The platform thread bottleneck

Platform threads have several limitations:

1. Resource intensive: Each thread consumes about 1MB of stack memory and requires OS kernel resources.
2. Context switching overhead: The OS scheduler manages threads, and context switches are expensive (typically 1-10 microseconds).
3. Limited scalability: Most systems struggle beyond 10,000-20,000 concurrent threads.
4. Thread pool sizing: Developers must carefully tune thread pools, balancing throughput against resource consumption.

Consider a typical web server handling 10,000 concurrent requests. With the thread-per-request model, you need 10,000 platform threads, consuming ~10GB of memory just for thread stacks. This doesn't scale to modern cloud applications that might need to handle hundreds of thousands of concurrent connections.

The reactive alternative and its costs

Reactive frameworks like Spring WebFlux, RxJava, and Vert.x emerged to address these limitations. They use non-blocking I/O with a small number of threads, achieving massive scalability.

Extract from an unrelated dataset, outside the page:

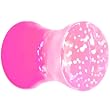 2 Gauge Pink Neon Glitter Saddle Plug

A real-world example of this trade-off is the Fabric8 Kubernetes Client. When building Java-based Kubernetes operators and controllers, each watcher or SharedInformer traditionally required its own thread. In large clusters with hundreds of Custom Resource Definitions (CRDs) and thousands of watched resources, the thread overhead became a significant bottleneck. This limitation was one of the main reasons we added reactive HTTP client implementations to Fabric8, including Vert.x, which uses non-blocking I/O to handle massive numbers of concurrent watches without the thread overhead.

However, reactive programming comes with significant costs:

• Steep learning curve: Developers must think in terms of streams, publishers, and subscribers.
• Debugging nightmare: Stack traces become nearly useless as execution hops between callbacks.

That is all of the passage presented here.